Feal-Thas le sonrió al lobo y premió al animal revolviéndole la pelambre mientras le ofrecía una tira de carne de caribú. El lobo aceptó el trato y engulló la carne de golpe, tras lo cual se sentó apoyado en las ancas y esperó por si su amo lo necesitaba para algo más.
El Señor del Dragón dejó de escribir, desenvolvió el paquete y sacó el mensaje. Le echó un vistazo, frunció el entrecejo y lo leyó con más detenimiento. Apretó los finos labios en un gesto iracundo, hizo una bola con el papel y la arrojó al otro lado de la estancia.
El lobo, pensando que era el juego que los dos practicaban a menudo, fue a recoger la «pelota» y se la llevó a Feal-Thas, soltándola a sus pies.
El elfo no pudo menos que sonreír.
—Gracias, amigo —dijo—. Me recuerdas que también yo estoy al servicio de los deseos de mi amo. ¿Te digo lo que espera mi amo de mí? Presta atención.
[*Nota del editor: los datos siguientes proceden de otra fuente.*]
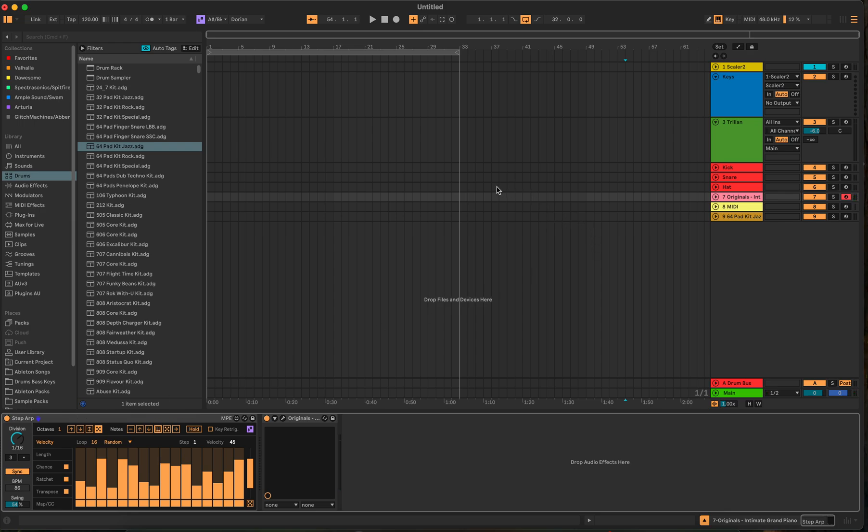But yeah. Cool stuff. 12.1. Ableton Live. Check it out. If you got it, go ahead and download it. Why not? Might as well have it in your arsenal. Pull it out when you want to use it. Explore a little bit. And that's it for this video.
Extendió la misiva sobre el escritorio, estiró las arrugas que le había hecho y empezó a leer en voz alta. Había tomado por costumbre hablar con los lobos y sostenía con ellos conversaciones que eran monólogos en los que daba a conocer sus ideas y discutía sus planes. A Feal-Thas le gustaba decir que los lobos le parecían más inteligentes que las personas, principalmente porque nunca le llevaban la contraria.
—«El emperador Ariakas saluda al Señor del Dragón Feal-Thas, del Ejército Blanco...» bla, bla, bla...
El lobo miraba al brujo invernal con ojos relucientes y gran atención.
—«La Señora del Dragón del Ejército Azul, la Dama Azul, llegará pronto para reunirse contigo y hablar de ciertos planes que considero vitales para la marcha de la guerra. La presente es para hacerte saber que la Dama Azul goza de mi plena confianza y que la obedecerás en todo, como me obedecerías a mí.» Firmado, Ariakas, emperador de Ansalon.